- **AIM OF THE TASK**
Within the material below, filter for lines that hold the word "right".

- **EXTRACTED MATERIAL**

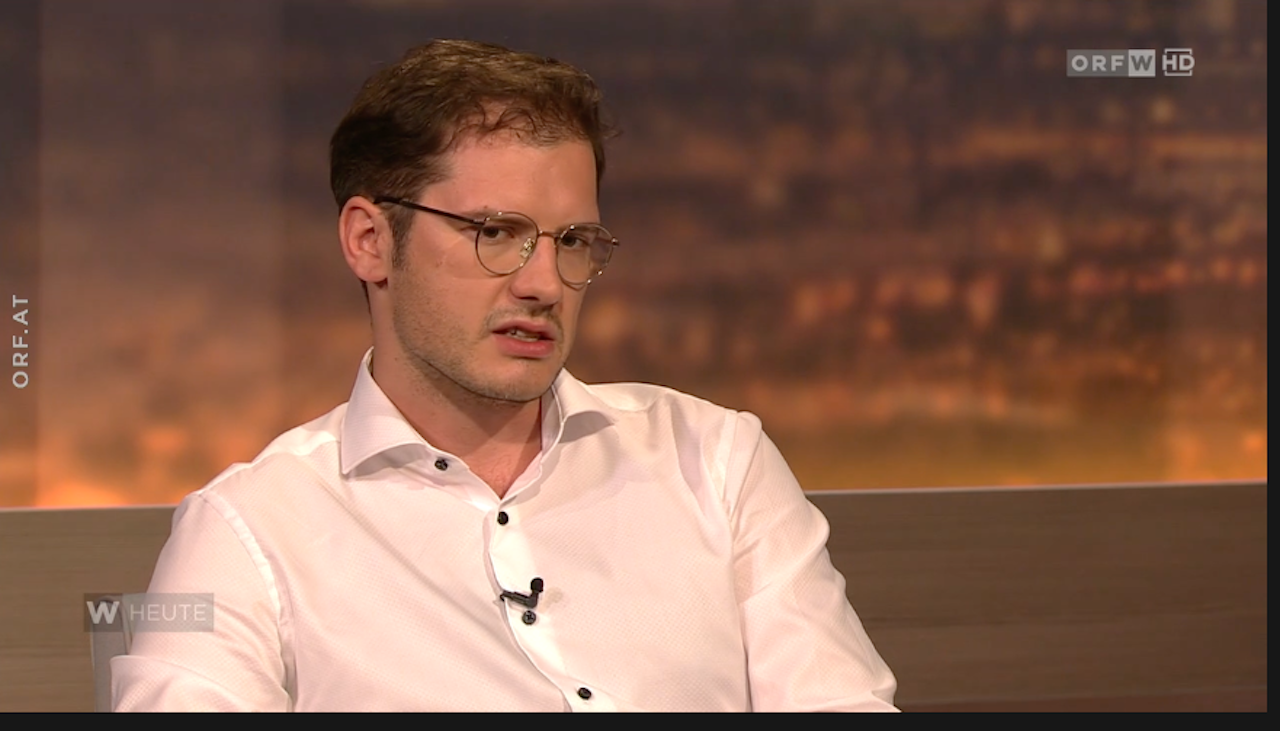 Heute.at - Enthüllt: Herzinfarkt-Patienten warten in Wien 40 Minuten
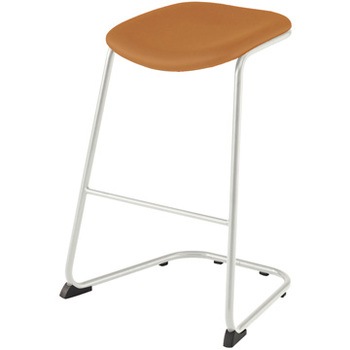 KSW-103DR-W9Y8 swingy(スインギー) ハイタイプ(非スイングタイプ)＜配送時組立サービス付＞ イトーキ 07927974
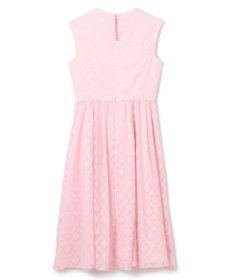 TOCCA 【洗える・消臭】ROSY CHEEK ドレス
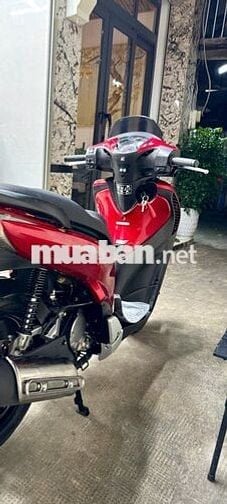 Cần bán xe sh nhập ý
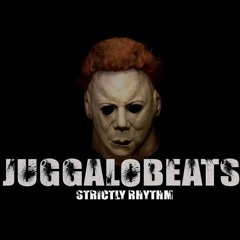 Take That Thang Down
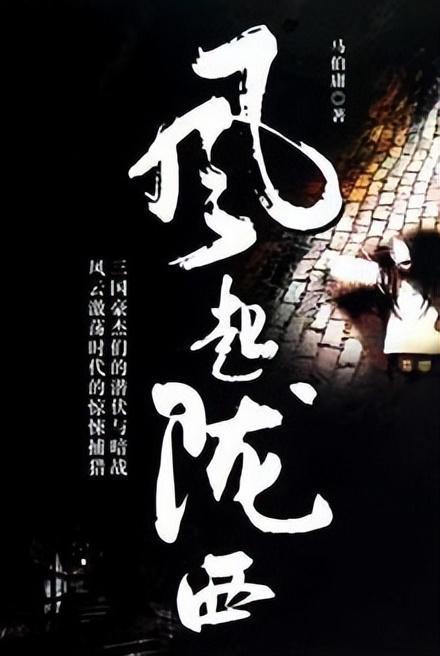 动保协会:昆明动物园两只猫未被找到,若救出将带回北京猫屋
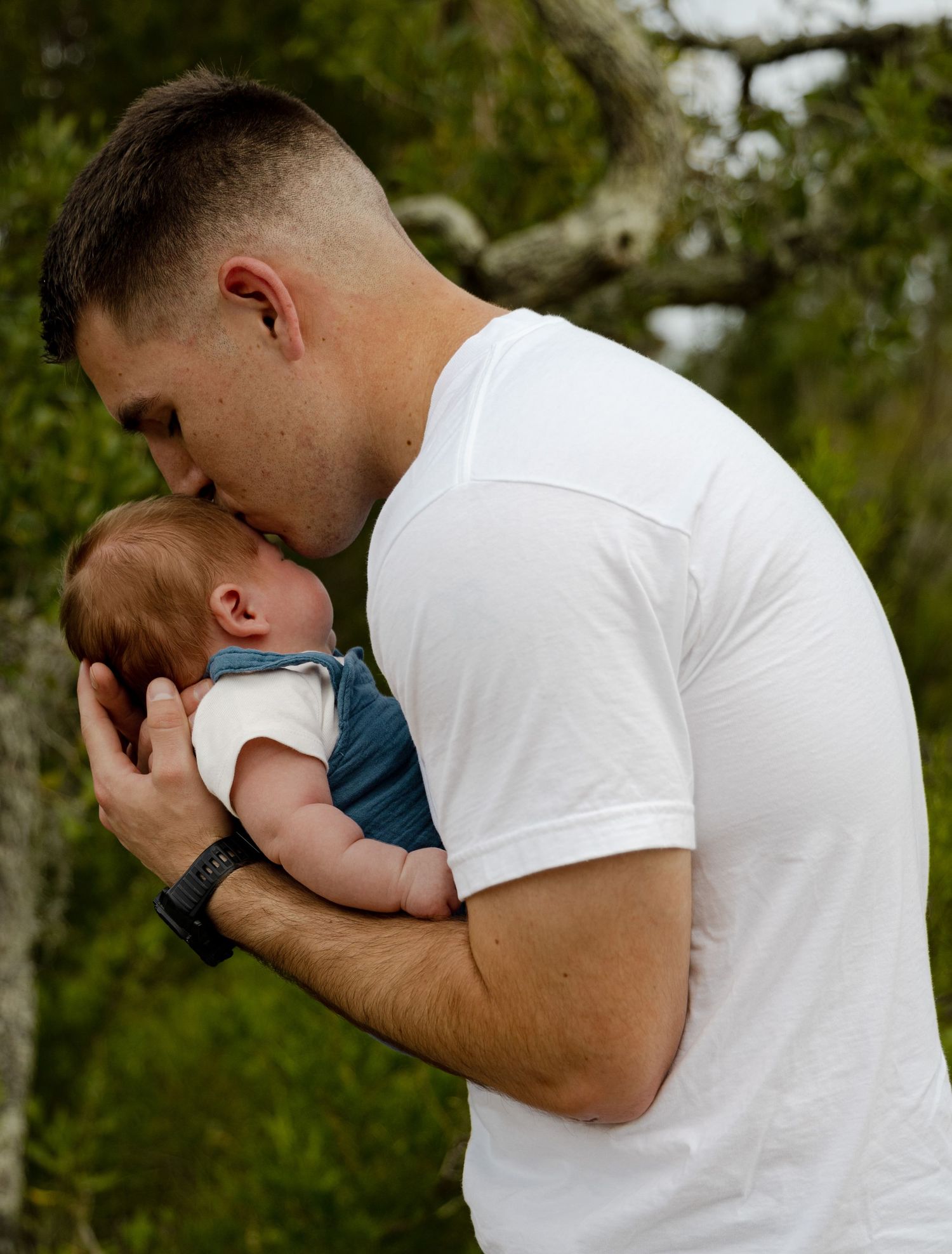 Beaufort SC wedding, couples & maternity photographer | Lowcountry, Hilton Head & Savannah | natural, romantic, true-to-color photography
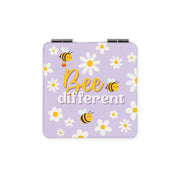 Specchietto da Borsetta Bee - Nice To See You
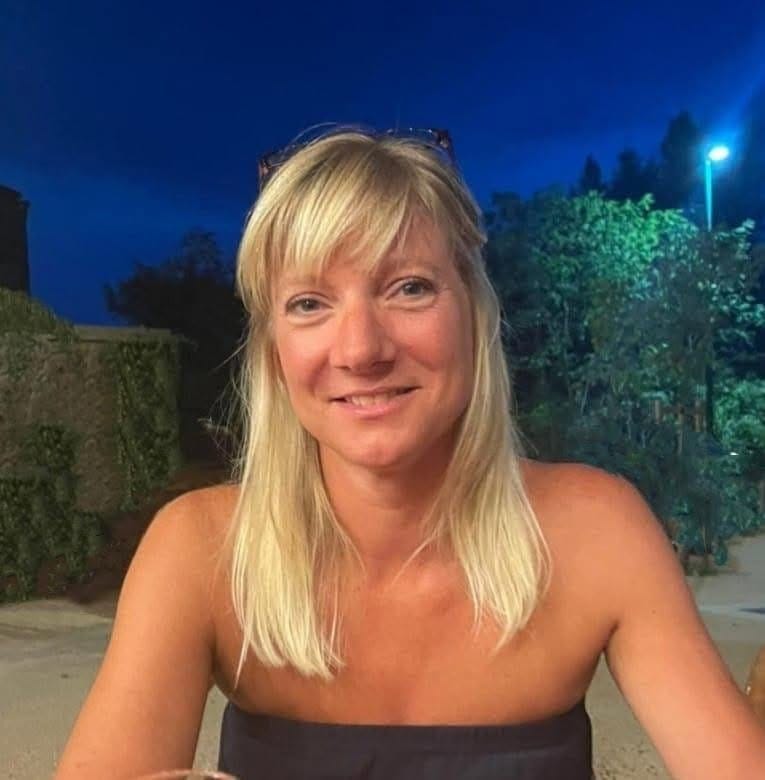 Christelle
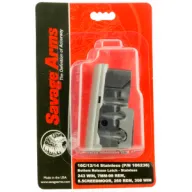 Savage Oem, Sav 55110 Mag 16c/12 270/325wsm Ss 2rd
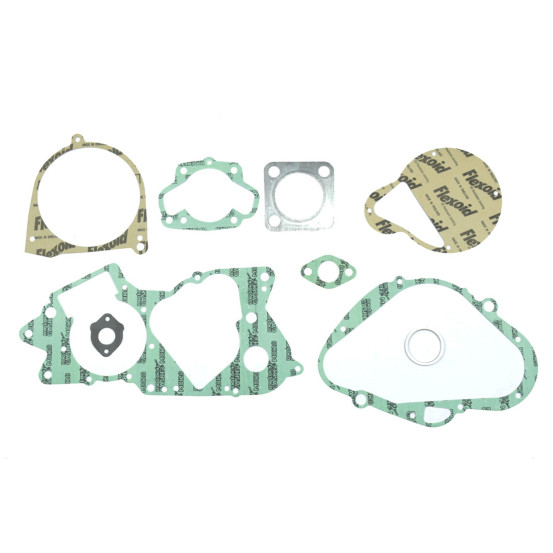 Pochette de joints moteur complète ATHENA - SUZUKI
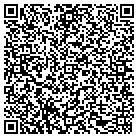 QR code with Condor Construction-the Crlns contacts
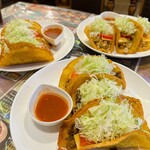 チャーリー多幸寿 - 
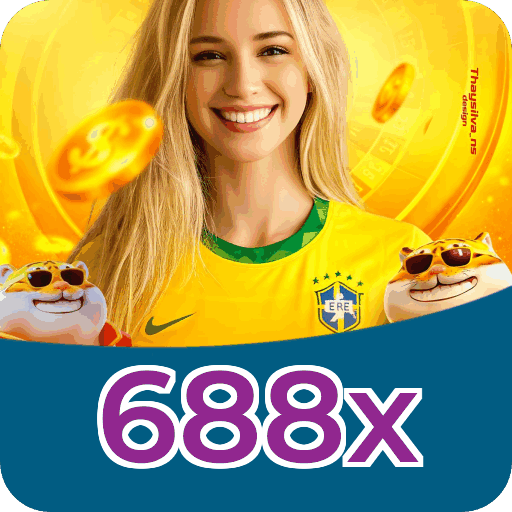 Estatísticas 688x novembro 2024 - 87 mil jogadores ativos, R$47M pagos, RTP 96.52%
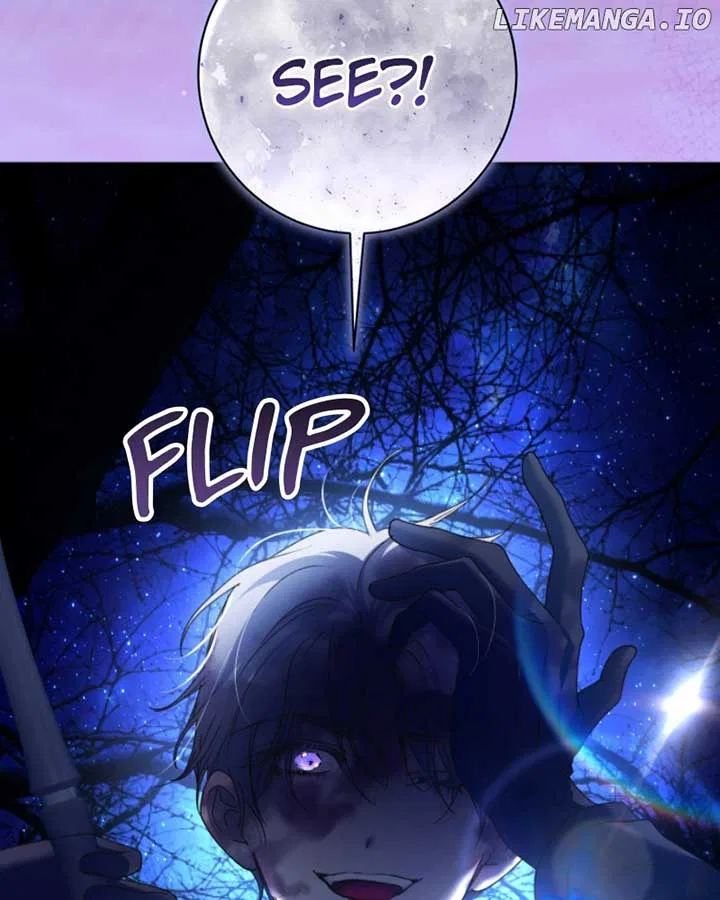 I Want to Be You, Just For A Day Chapter 225 – Page 7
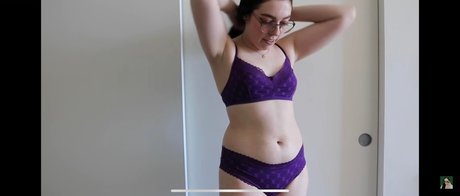 Swell Entertainment naked onlyfans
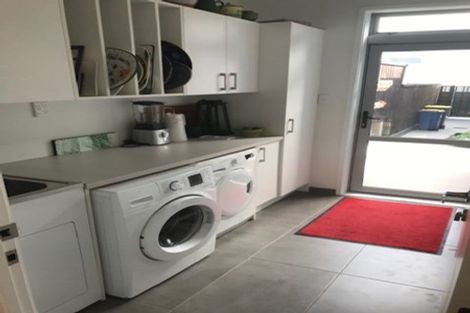 Photo of property in 52 Buckley Avenue, Hobsonville, Auckland, 0616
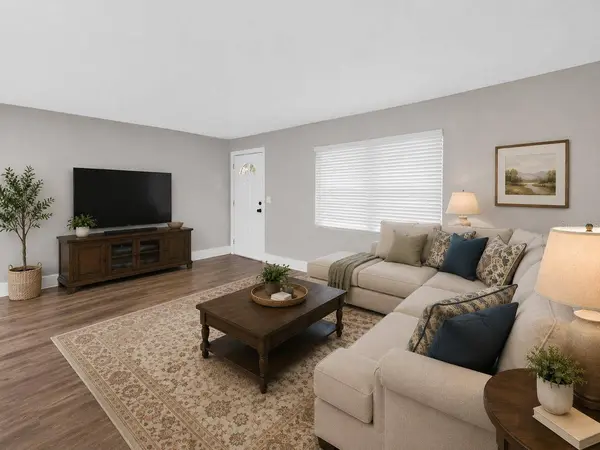 61 S TYLER ST, Beverly Hills, FL 34465
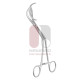 Lemole-Strong Aorta Clamp Lemole-Strong Aorta Clamp
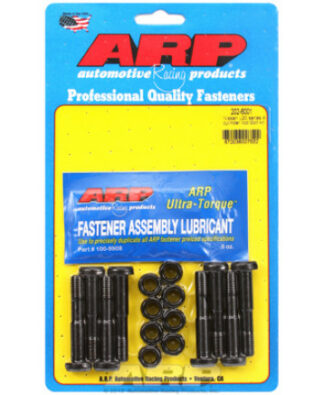 ARP 202-6001 kiertokangen pulttisarja Nissan ARP-pultit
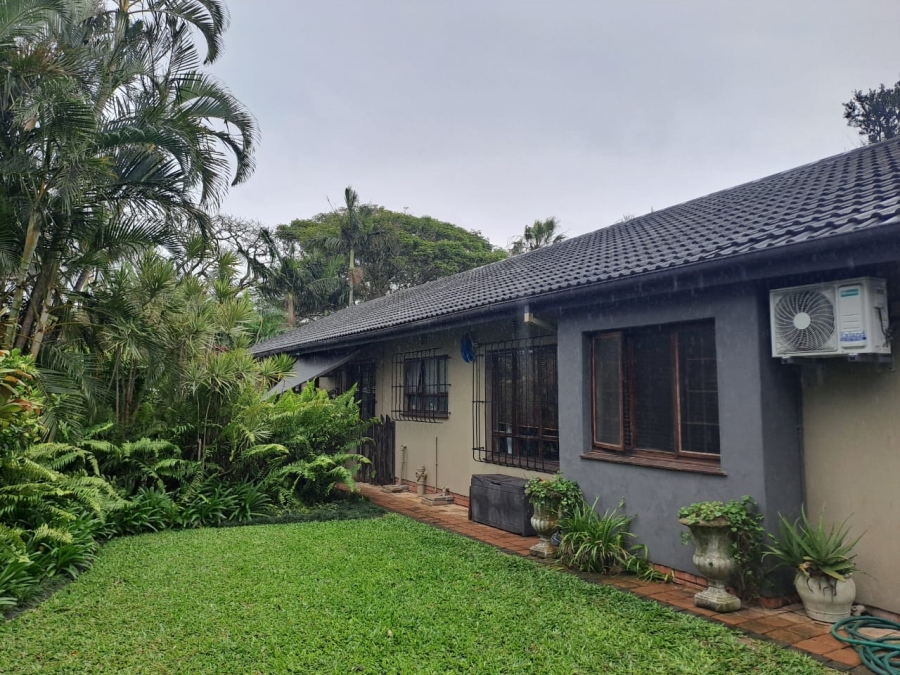 5 Bedroom Property for Sale in Meer En See KwaZulu-Natal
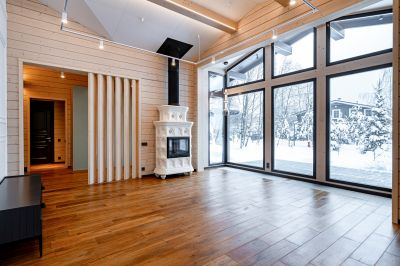 photo 697721122ca4b_thumb.jpg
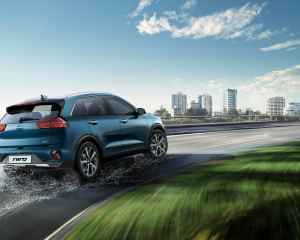 kia_niro_my20_esc_15127_88925_2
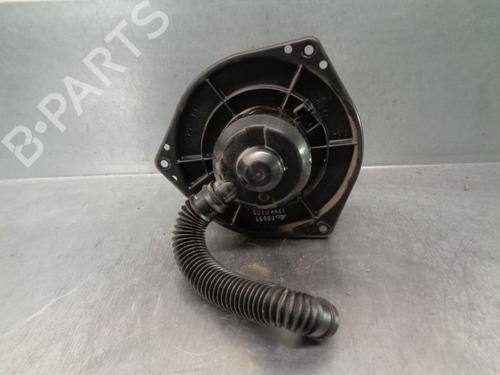 Heater blower motor HONDA HR-V (GH_) 1.6 16V (GH1, GH3) | BP13086229M62 
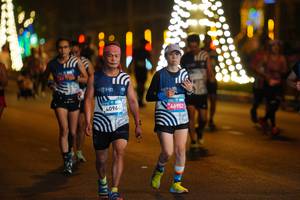 BIB: 
                            <button type="button" onclick="openModal(23432437)" class="btn btn-primary btn-sm float-right btn-popup" data-toggle="modal" data-target=".modal-high-quality">
                        <i class="fas fa-shopping-cart"></i> Add to Cart
                    </button>
                                            <button type="button" onclick="isThisMe(23432437, true)" class="btn btn-success btn-sm float-right btn-popup btn-isme hidden" data-toggle="tooltip" data-placement="bottom" title="นี่คือรูปของคุณใช่ไหม คลิกที่นี่เพื่อเอาเข้าอัลบั้ม">
                        <i class="fas fa-plus"></i> Add to album
                    </button>
                    <button type="button" onclick="isThisMe(23432437, false)" class="btn btn-warning btn-sm float-right btn-popup btn-isnotme hidden">
                        <i class="fas fa-ban"></i> Remove from album
                    </button>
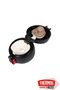 Jnl-600 Ultralight Mug Termos 0.60 L - 4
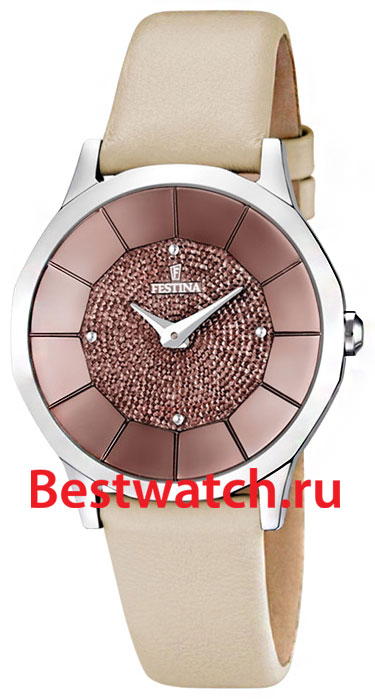 Часы Festina Lady Elegant 16661.3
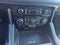 2024 Chevrolet Tahoe 4WD Z71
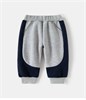 WELLKIDS Костюм утепленный 	 tz0560 144636
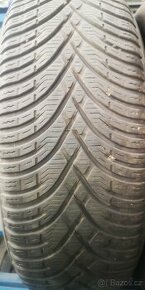 195/65 R15 91T BFGoodrich G-Force Winter 2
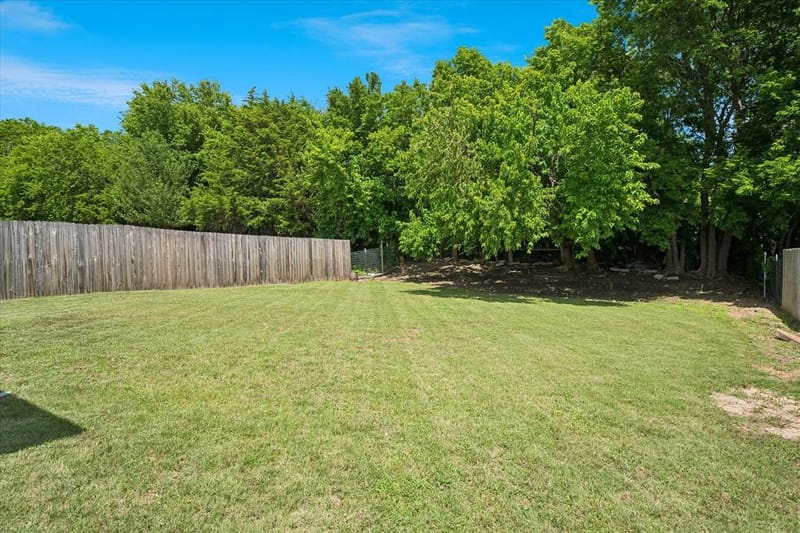 817 Hazels Way, Anna TX 75409 - Photo 24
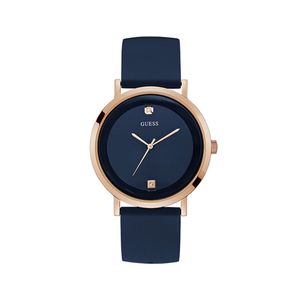 Reloj Hombre Guess W1264G3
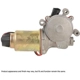 Purchase Top-Quality Headlamp Motor by CARDONE INDUSTRIES - 82-9112H pa6
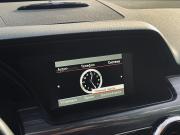 Mercedes-Benz GLK-Класс I (X204) Рестайлинг Оренбург  - изображение 41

- **WRITTEN RESPONSE**
                            <button type="button" onclick="openModal(23432437)" class="btn btn-primary btn-sm float-right btn-popup" data-toggle="modal" data-target=".modal-high-quality">
                                            <button type="button" onclick="isThisMe(23432437, true)" class="btn btn-success btn-sm float-right btn-popup btn-isme hidden" data-toggle="tooltip" data-placement="bottom" title="นี่คือรูปของคุณใช่ไหม คลิกที่นี่เพื่อเอาเข้าอัลบั้ม">
                    <button type="button" onclick="isThisMe(23432437, false)" class="btn btn-warning btn-sm float-right btn-popup btn-isnotme hidden">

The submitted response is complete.